PLK1i and PARPi mediate sensitivity to HR-deficient HGSOC with KRAS amplification to Carboplatin. KURAMOCHI cells were treated with increasing concentrations of Carboplatin, 1 µM to 20 µM. Cells were harvested after 48 h. Cell lysates were prepared for Western blot using the indicated antibodies (A), and the cell cycle distribution of treated cells was analyzed using FACS (B). (C) Treatment schedule: KURAMOCHI cells were treated with Carboplatin (3 µM) on day 1. Following this, cells were sequentially treated with Olaparib (10 µM) on day 2 and BI6727 (20 nM) on day 3. Cells were harvested 24 h (day 4) and 48 h (day 5) after completion of the combinatorial treatments, and further experiments were carried out. (D,E) Apoptosis was first assessed by measuring Caspase 3/7 activity in cell lysates of cells incubated with the different single or combinatorial treatments and by measuring cell death after 24 h and 48 h using Annexin V/AAD. The results are presented as mean ± SD. (n = 3, p ≤ 0.05). (F) Cell lysates of KURAMOCHI cells treated with single agents or combinations, as in (C), were prepared for Western blot using the indicated antibodies.

Figure 6

PARPi and PLK1i combination strongly enhances apoptosis-dependent death of patients-derived tumor cells. (A–C) Primary tumor cells of patients were treated with increasing concentrations of Olaparib, BI6727, and Carboplatin as single agents or combinations (D–F).
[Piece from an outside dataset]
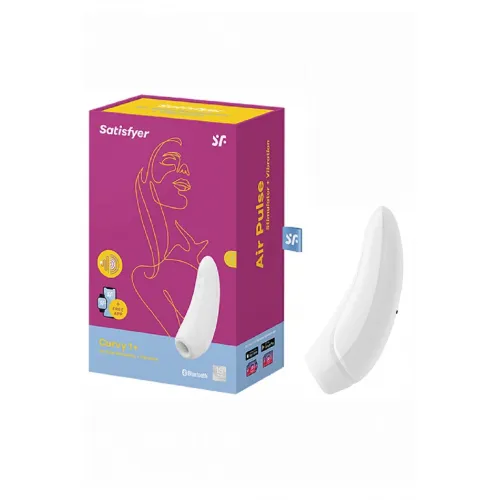 Вакуумно-волновой стимулятор Satisfyer Curvy 1+ с возможностью управления через приложение - белый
The cell viability was determined after 48 h, and the IC₅₀ of the different agents was calculated. (G,H) 3D cultures grown from tumor cells of patients were treated with 10 µM Olaparib, 20 nM BI6727, and 100 µM Carboplatin as single or combinatorial treatments for 8 days. Cells were stained, and the fraction of dead cells was quantified using immunofluorescence. The results are presented as mean ± SD and statistically analyzed (n = 5, p ≤ 0.001, p ≤ 0.01).